I am assessing the performance of different ways of loading Parquet files in Spark and the differences are staggering.
In our Parquet files, we have nested case classes of the type:
case class C(/* a dozen of attributes*/)
case class B(/* a dozen of attributes*/, cs: Seq[C])
case class A(/* a dozen of attributes*/, bs: Seq[B])
It takes a while to load them from Parquet files. So I've done a benchmark of different ways of loading case classes from Parquet files and summing a field using Spark 1.6 and 2.0.
Here is a summary of the benchmark I did:
val df: DataFrame = sqlContext.read.parquet("path/to/file.gz.parquet").persist()
df.count()
// Spark 1.6
// Play Json
// 63.169s
df.toJSON.flatMap(s => Try(Json.parse(s).as[A]).toOption)
.map(_.fieldToSum).sum()
// Direct access to field using Spark Row
// 2.811s
df.map(row => row.getAs[Long]("fieldToSum")).sum()
// Some small library we developed that access fields using Spark Row
// 10.401s
df.toRDD[A].map(_.fieldToSum).sum()
// Dataframe hybrid SQL API
// 0.239s
df.agg(sum("fieldToSum")).collect().head.getAs[Long](0)
// Dataset with RDD-style code
// 34.223s
df.as[A].map(_.fieldToSum).reduce(_ + _)
// Dataset with column selection
// 0.176s
df.as[A].select($"fieldToSum".as[Long]).reduce(_ + _)
// Spark 2.0
// Performance is similar except for:
// Direct access to field using Spark Row
// 23.168s
df.map(row => row.getAs[Long]("fieldToSum")).reduce(_ + _)
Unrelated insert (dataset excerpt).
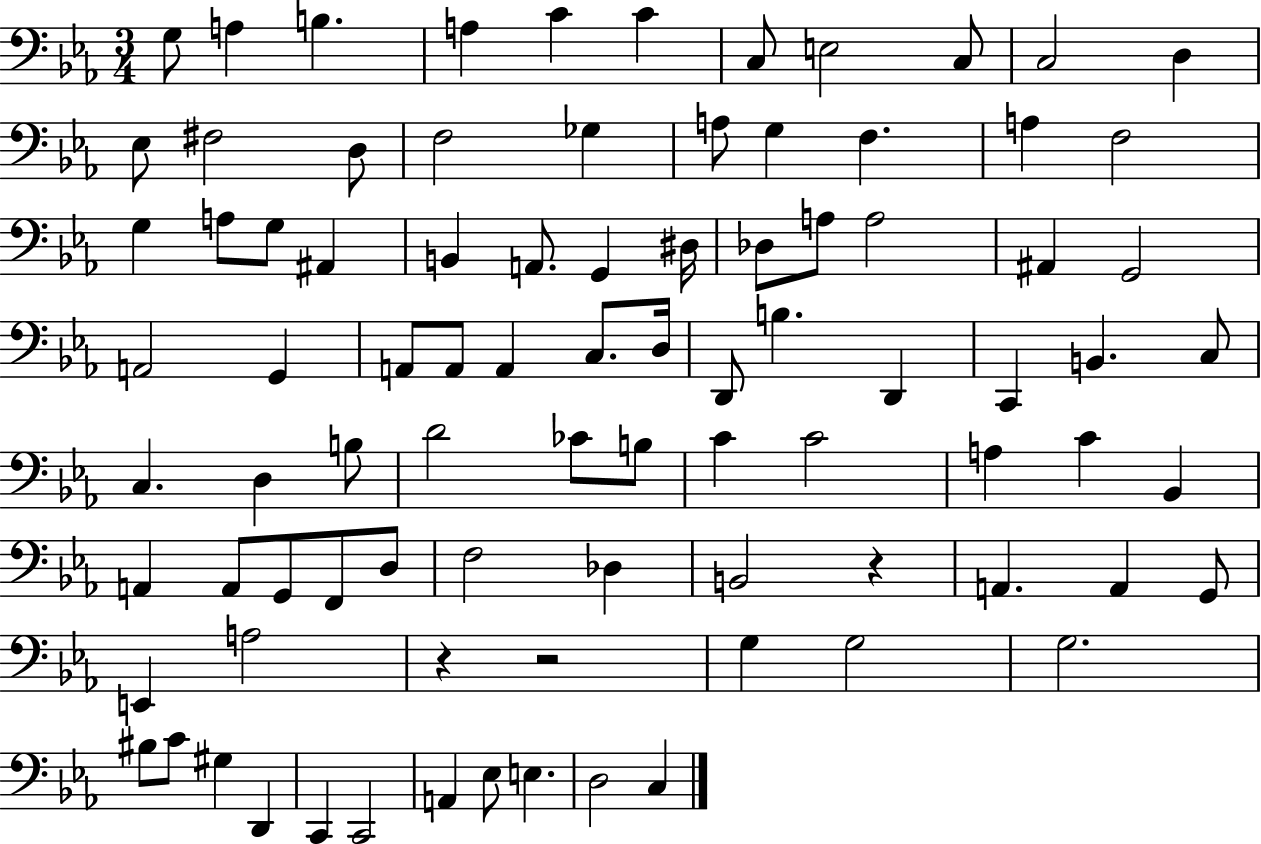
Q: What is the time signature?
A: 3/4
// Some small library we developed that access fields using Spark Row
// 32.898s
f1DF.toRDD[A].map(_.fieldToSum).sum()
I understand why the performance of methods using Spark Row is degraded when upgrading to Spark 2.0, since Dataframe is now a mere alias of Dataset[Row].
That's the cost of unifying the interfaces, I guess.
On the other hand, I'm quite disappointed that the promise of Dataset is not kept: performance when using RDD-style coding (maps and flatMaps) is worse than when using Dataset like Dataframe with SQL-like DSL.
Basically, to have good performance, we need to give up type safety.
What is the reason for such difference between
Datasetused as RDD andDatasetused asDataframe?Is there a way to improve encoding performance in
Datasetto equate RDD-style coding and SQL-style coding performance? For data engineering, it's much cleaner to have RDD-style coding.Also, working with the SQL-like DSL would require to flatten our data model and not use nested case classes. Am I right that good performance is only achieved with flat data models?